You can often add more value to your data by combining it with other sources to produce an enriched data set. By keeping large reference datasets out of the main Dataverse database you can dramatically reduce storage costs. You can then combine them as needed using Azure Data Factory.
Similar to the other technologies I’ve looked at recently, Azure Data Factory supports a range of data source technologies and formats, but for the moment I’m interested in using the CDM format to load data from my data lake.
In Azure Data Factory, the first thing I want to create is a data flow. This is different to the Power Platform dataflow I used to load and transform my original data and store it in the data lake. This type of data flow lets me load and transform multiple data sources and save the results in an output file.
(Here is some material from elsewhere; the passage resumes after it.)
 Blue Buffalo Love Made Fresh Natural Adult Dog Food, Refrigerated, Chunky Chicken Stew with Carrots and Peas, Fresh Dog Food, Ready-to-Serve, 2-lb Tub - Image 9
Continuing with my theme of looking at email domain data, I’m now going to try calculating whether the email on each of my CRM contacts is from a free email provider or not. To do this I’m going to use Data Factory to load in the contact records from the data lake, combine them with a list of free email domains, and output the result.
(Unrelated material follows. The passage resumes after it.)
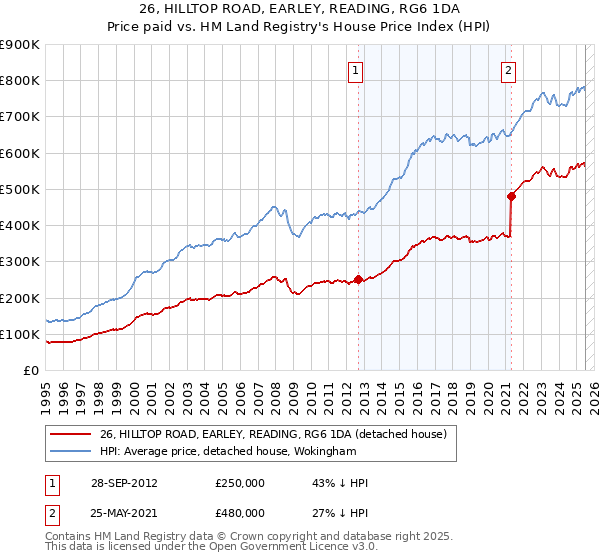 26, HILLTOP ROAD, EARLEY, READING, RG6 1DA: Price paid vs HM Land Registry's House Price Index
In Data Factory I’ve created a new, blank dataflow and added a new data source. First I need to change the “Source type” to “Common Data Model”:
Now it needs another option – the “Linked service”. This is a reference to the data lake that it will load the CDM data from. Click “New” and you’re guided through selecting a data lake account:
Now, under the “Source options” tab, you need to enter the details of where and how the CDM data is stored in the data lake. There are two different formats that CDM data can use, and the CDS Export to data lake feature currently uses the model.json format. I believe though that this will change as part of the 2020 Wave 2 release.
With this format selected there are only a few options to finish configuring. Click the “Browse” button next to the “Root location” option and select the container that the Export to data lake feature created (
commondataservice-<orgname>). Finally, type in the name of the entity to load – “contact” in my case.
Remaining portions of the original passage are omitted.